Survey on French opinion on wolves
On December 3, 2024, the day the Standing Committee of the Bern Convention votes on the European Commission’s proposal to lower protection for wolves throughout the Union (the species would thus lose its “strictly protected” status), One Voice is organizing an international unitary event with a number of its partners abroad and at home. This gathering is part of a coordinated national campaign to raise public awareness of these animals in a dozen towns and cities across metropolitan France. Indeed, there are many common preconceptions about wolves, and calls to poach them are now even commonplace among certain farming unions…
French people are not so worried about wolves, which they see as essential to French biodiversity…
A minority of French people are anxious about wolves. Only 32% fear their presence in France, and 8% say they are very worried. This figure is stable overall, depending on the respondent’s gender and area of residence.
Logically, the French respondents also significantly affirm that the presence of wolves in France does not represent a risk to themselves and their families (82%). Men are slightly more fearful of wolves (21% vs. 15% for women). This lack of fear can be explained by the fact that most French people are aware that wolves tend to avoid humans (80%).
Wolves are useful animals in the eyes of the French. They agree that these wild animals play an important role in the balance of the ecosystem (82%), and that they have a rightful place in France’s natural environment (86%). Convinced of the usefulness of wolves, the majority of French people (81%) consider that the return of wolves to France represents a real benefit for biodiversity.
Respondents are fiercely opposed to measures that would jeopardize the conservation of wolves in France…
The findings are clear: 83% of French people are against the total eradication of wolves in France. Only 6% are completely in favor. 83% are in favor of banning the shooting of species in a poor state of conservation, and 69% want to ban exemptions allowing lethal shooting of wolves.
On a national scale, 73% of those questioned consider it unacceptable for the French State to shoot animals from protected species such as wolves, simply because they may represent a risk to livestock farming.

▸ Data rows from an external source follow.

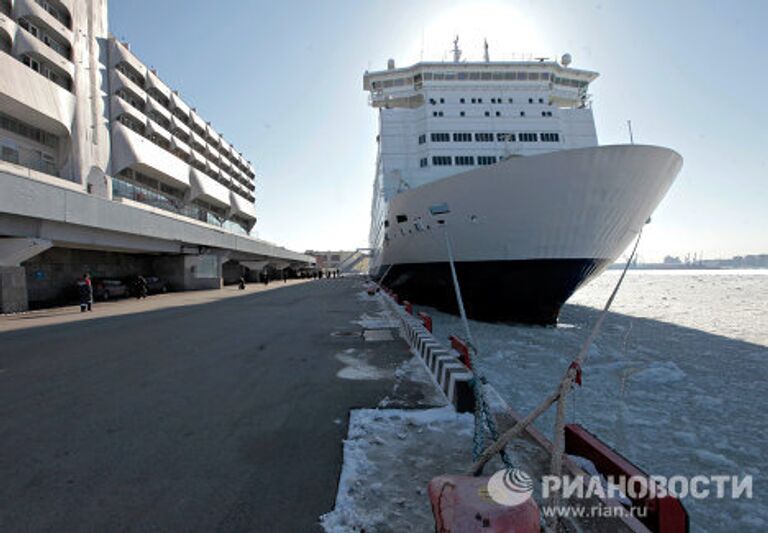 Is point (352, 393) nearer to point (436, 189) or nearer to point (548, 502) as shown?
point (548, 502)

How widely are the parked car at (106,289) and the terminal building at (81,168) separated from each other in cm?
167

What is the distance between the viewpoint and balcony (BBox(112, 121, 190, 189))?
29.5 meters

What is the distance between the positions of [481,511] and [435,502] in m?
0.27

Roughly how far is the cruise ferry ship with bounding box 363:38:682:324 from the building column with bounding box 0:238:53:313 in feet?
45.4

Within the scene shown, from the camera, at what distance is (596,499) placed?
8.38ft

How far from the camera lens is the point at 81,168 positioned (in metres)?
25.8

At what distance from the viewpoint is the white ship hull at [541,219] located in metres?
10.7

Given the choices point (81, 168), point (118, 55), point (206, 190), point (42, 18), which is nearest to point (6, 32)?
point (42, 18)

On a European scale, 68% of French people do not want the status of wolves to be changed from “strictly protected” to “protected” by the European Union, as this would lead to a relaxation of regulations for culling them.
The majority of French people claim that wolves are not aggressive and that they prey on unprotected flocks
The majority of French people agree that wolves are not aggressive animals (56%). In the absence of effective protection of livestock herds by their breeders, 84% of French people deplore wolf attacks on unprotected flocks.
In order to protect the flocks as much as possible from wolf attacks, the French would like to see breeders take greater responsibility. They are largely in favor of farmers being more obliged to implement protection measures for their flocks (87%). In the same vein, 85% of French people want farmers to be compensated by public funds if, and only if, they implement measures to protect their herds (human presence, enclosures, dogs, etc.).
The survey was carried out by the Ipsos Institute from October 30 to November 4, 2024 among 1,000 people, constituting a representative national sample of the French population aged 18 to 75. The sample was surveyed online via the Ipsos Access Panel Online (Quota method: gender, age, profession of respondent, area of residence category, region).